13. L’arbre à prières
This garden invents a place where you can draw a refuge for your pains, your troubles, your hopes or your secrets from the natural elements.
It allows us to welcome a part of ourselves by a symbolic gesture that releases or relieves. It is inspired by ancestral rituals that can be summed up by the term “prayer tree”.
They are present in many cultures and have the power to absorb a wrong or fix a hope: in Asia, the cherry tree welcomes wishes for success, health, happiness and prosperity for those close to you. In shamanism, the tree takes prayers to the spirits. In Europe, in times gone by, you attached a rag, a substitute for the organ that was suffering, onto the “nail tree” (or “rag tree”) with the aim of healing.
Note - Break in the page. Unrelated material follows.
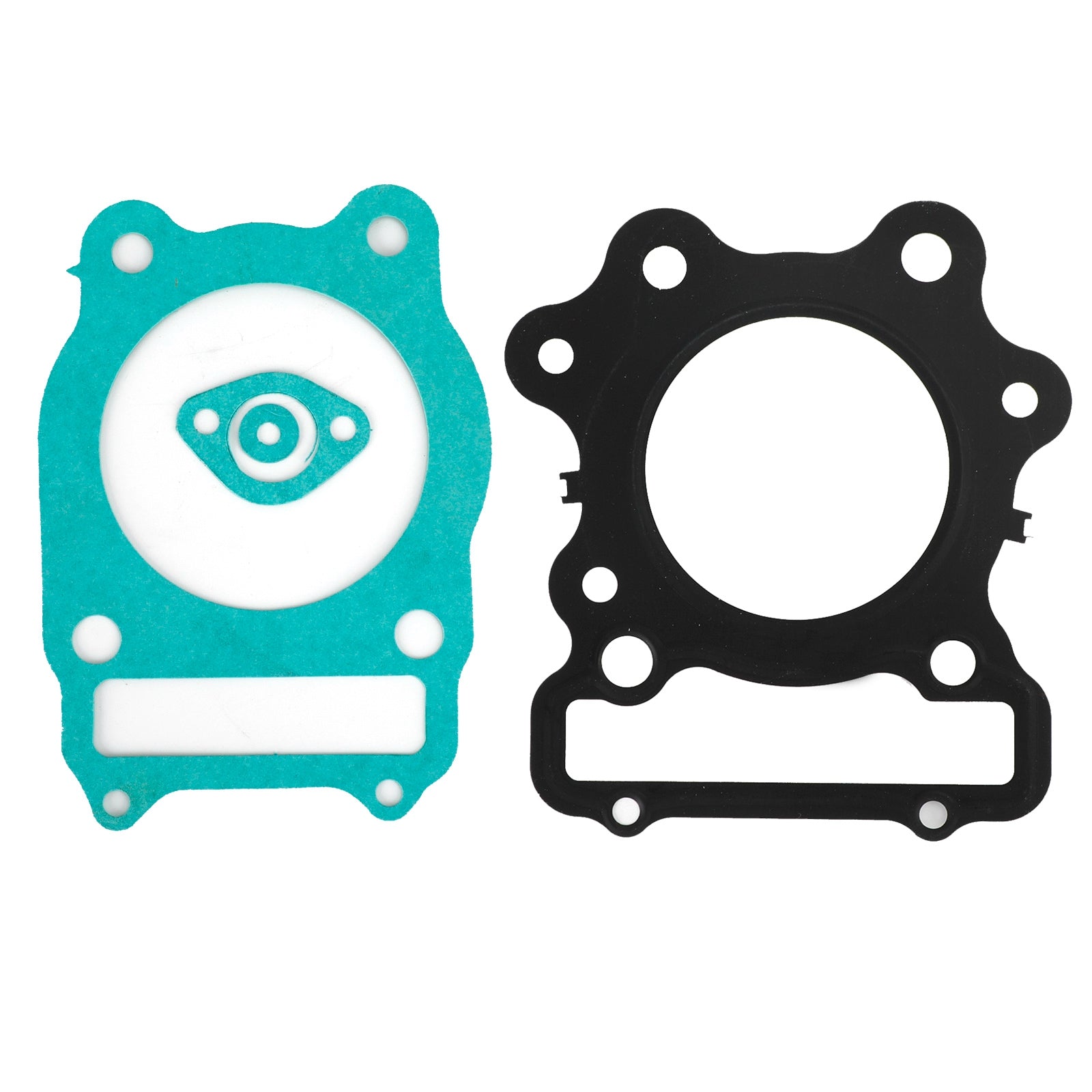 1988-2000 Honda TRX300 Fourtrax FW 4x4 2x4 sylinderstempel Top End Gasket Kit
In this garden, the public are invited to carry out the ritual themselves.
At the entrance to the garden, visitors will therefore be able to choose a cloth ribbon, whose colour represents either the body or the soul. Once inside, they will find a structure of bamboo canes onto which “prayers” have been tied by people who were there before them. In turn, they can then attach their piece of cloth and make their wish.
The ritual space will be isolated from the rest of the site by a patch of green. The range of plants will highlight the foliage with shades of greens and textural transparency.
Climbing plants will gradually come and inhabit the bamboo structure and the tree will come to life.
DESIGNERS
First Republik is a multidisciplinary collective of designers, who work with space, products, graphic art and web-design. Their “trademark”: a carefully thought out creation, with a view to sustainable development. This choice takes into account the social, economic and environmental dimensions of each project.
Claire Michaud is a young landscape architect. After doing a university course on visual arts and art history, she moved in the direction of the landscape professions, fitting in a BTS [advanced vocational qualification] by doing a sandwich course. She now works as a technician in the Parks and Gardens Department of the town of Gennevilliers.